* Task *
Your copy should begin with the line containing "Samsung washer/dryer combo", end with the line containing "今売れているLEDランタン:WAQ「WAQ REPELLENT LANTERN」", match the listing below exactly, and contain no pictures.

* Task input *

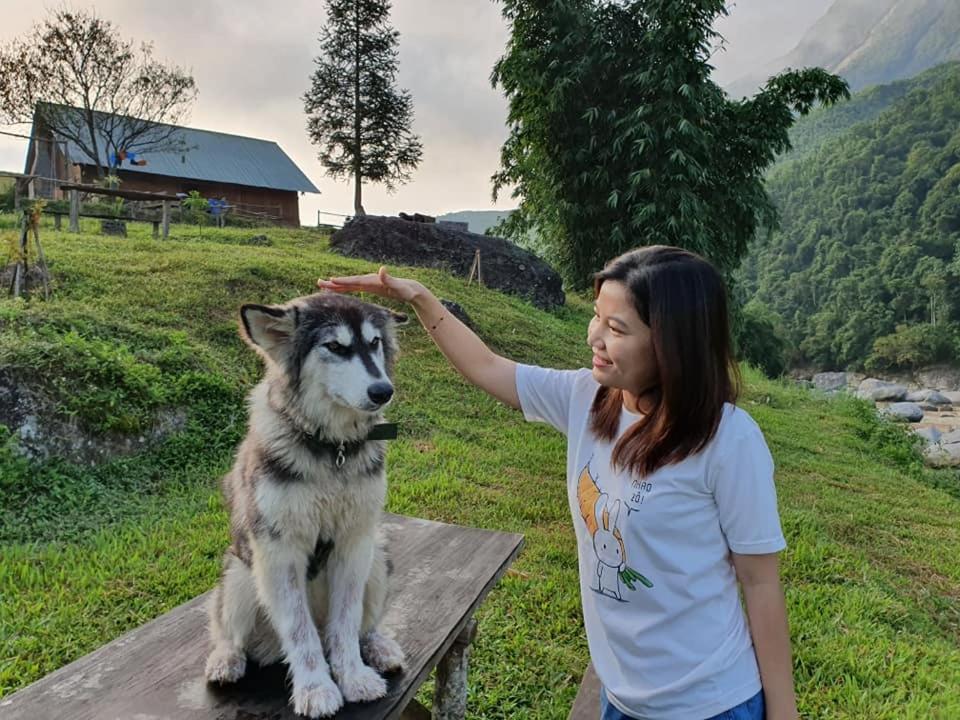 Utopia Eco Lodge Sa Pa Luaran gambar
---
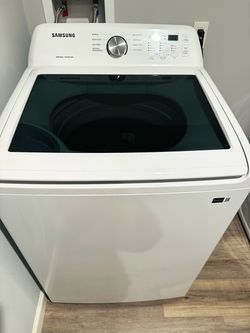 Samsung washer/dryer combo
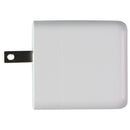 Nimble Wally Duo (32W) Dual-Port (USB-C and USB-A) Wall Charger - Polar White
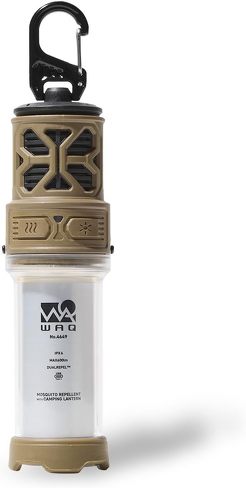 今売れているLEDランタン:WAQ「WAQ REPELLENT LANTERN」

* Result below *
 Samsung washer/dryer combo
 Nimble Wally Duo (32W) Dual-Port (USB-C and USB-A) Wall Charger - Polar White
 今売れているLEDランタン:WAQ「WAQ REPELLENT LANTERN」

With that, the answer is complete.